Luca closed his eyes. At that same instant, the train entered into a tunnel, letting out a long mournful whistle. When Luca reopened his eyes, he only saw darkness, while a wet wind blew into his face from the tenebrous walls, mixed with spraying water and vapor clouds. Echoing in the tunnel’s vault, the clanging of the wheels seemed to him like a monotonous and exalted voice that was always repeating the same words. It also seemed to him that he could make out these words.

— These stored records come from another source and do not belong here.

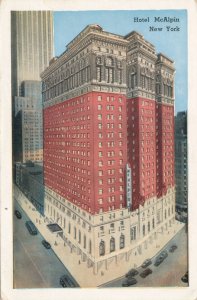 New York City - Hotel McAlpin on Broadway at 34th Street - WB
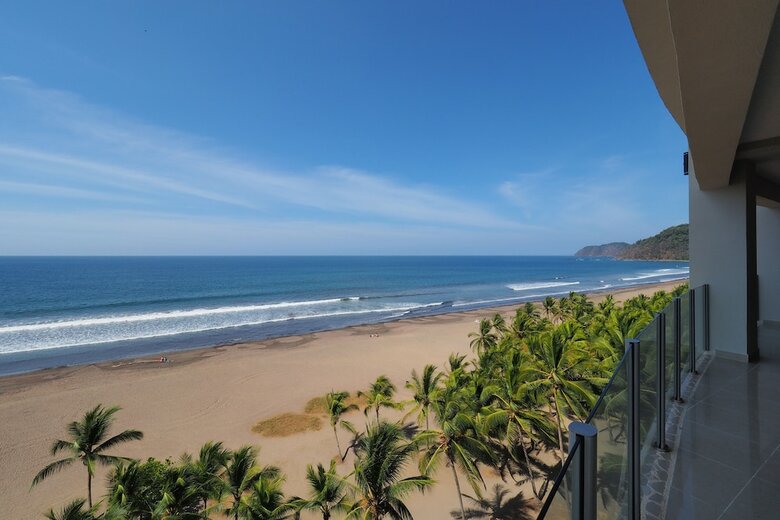Condominio Diamante Del Sol By Crhr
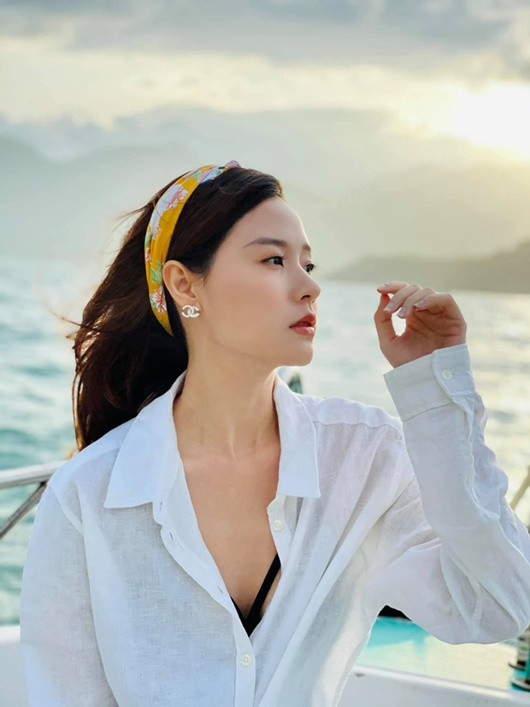 Midu đang tận hưởng cuộc sống giàu có, tay chơi đồ hiệu có tiếng trong showbiz Việt.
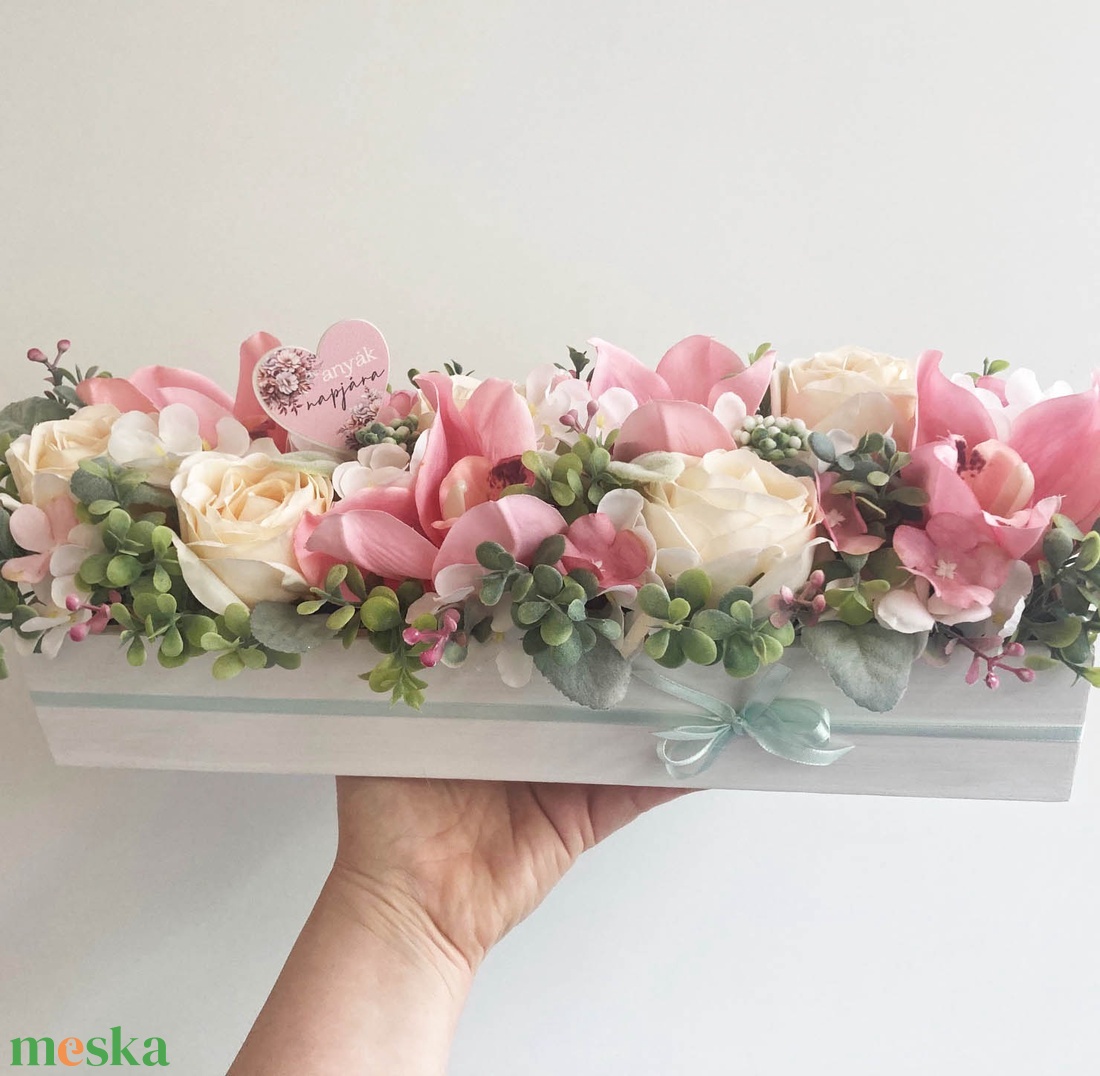 Anyák napi virágdoboz - orchideákkal és rózsákkal - otthon & életmód - virágdekoráció - virágok - virágbox - Meska.hu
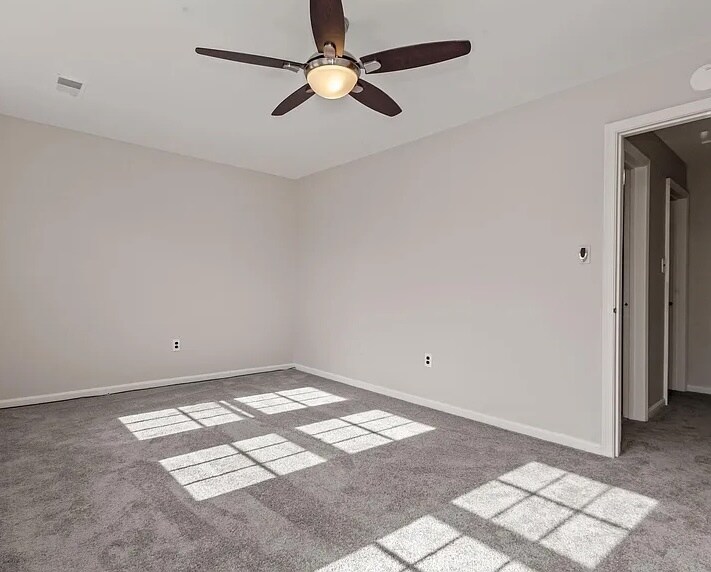 Building Photo - 1902 Curtis Ct SE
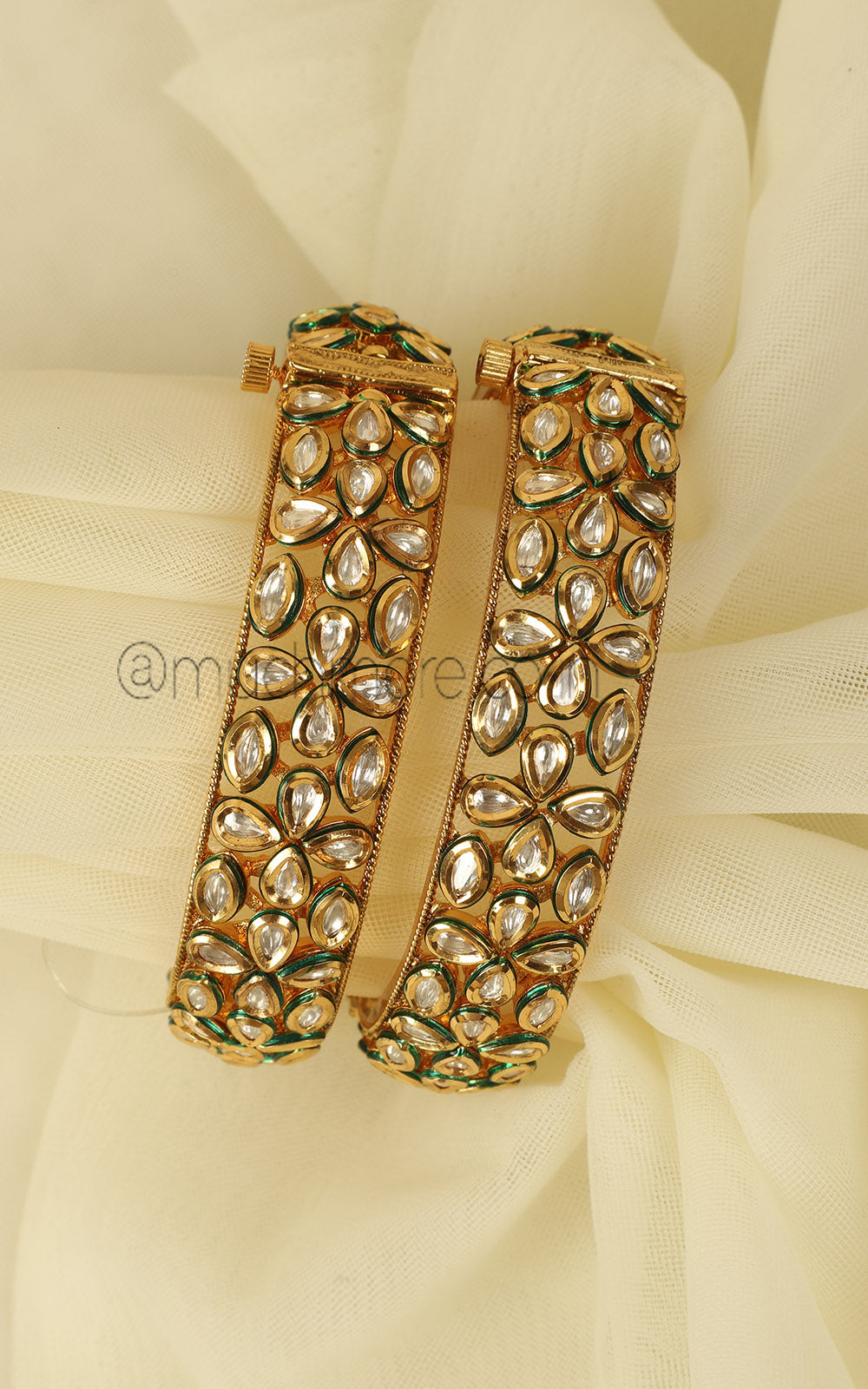 Gold Polish Kundan Traditional Broad Kangan Bangles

They were the same ones, full of hope, that had accompanied him day after day in his slow healing after he had woken up from his delirium; and he understood that, from now on, not just the bustling of a train in a tunnel or the whiteness of the snow on top of a mountain, but all things, would have a meaning for him and would speak to him in their mute language. Then, with another whistle, the train reemerged into the light of day.